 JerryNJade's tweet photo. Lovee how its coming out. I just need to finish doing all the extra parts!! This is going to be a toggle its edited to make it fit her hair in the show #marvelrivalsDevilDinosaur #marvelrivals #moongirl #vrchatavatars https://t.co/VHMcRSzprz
==
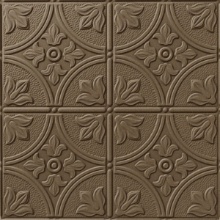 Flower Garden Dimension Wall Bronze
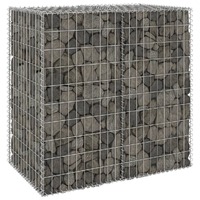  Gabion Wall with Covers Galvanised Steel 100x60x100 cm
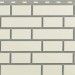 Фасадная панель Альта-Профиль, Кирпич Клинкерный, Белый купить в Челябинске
==
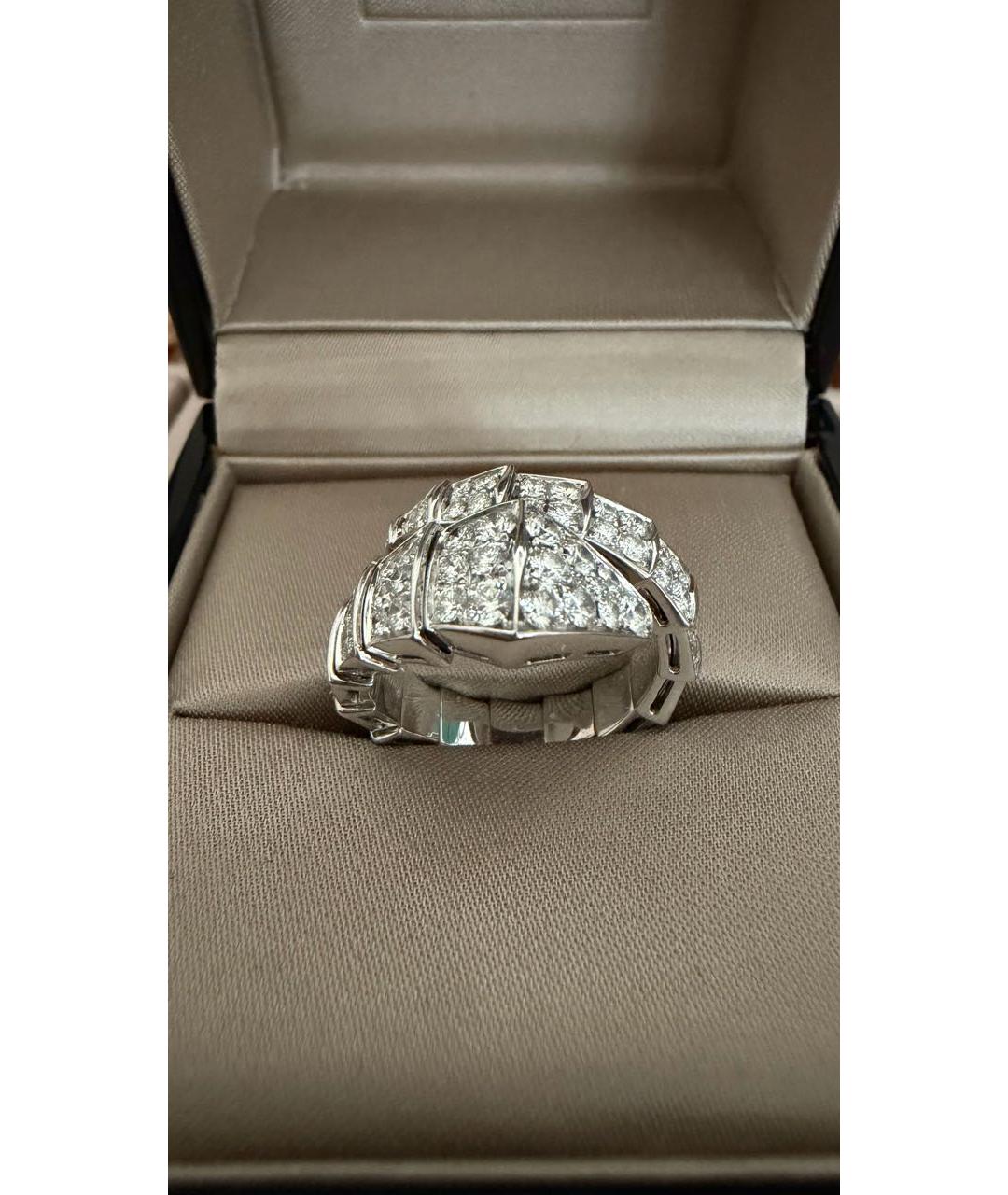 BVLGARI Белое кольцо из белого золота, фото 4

**Your task:**
From the data above, retype only the lines starting with the line with "Flower Garden Dimension Wall Bronze" and going on through the line with "Фасадная панель Альта-Профиль, Кирпич", exactly, leaving out the pictures.

**Problem solution:**
 Flower Garden Dimension Wall Bronze
  Gabion Wall with Covers Galvanised Steel 100x60x100 cm
 Фасадная панель Альта-Профиль, Кирпич Клинкерный, Белый купить в Челябинске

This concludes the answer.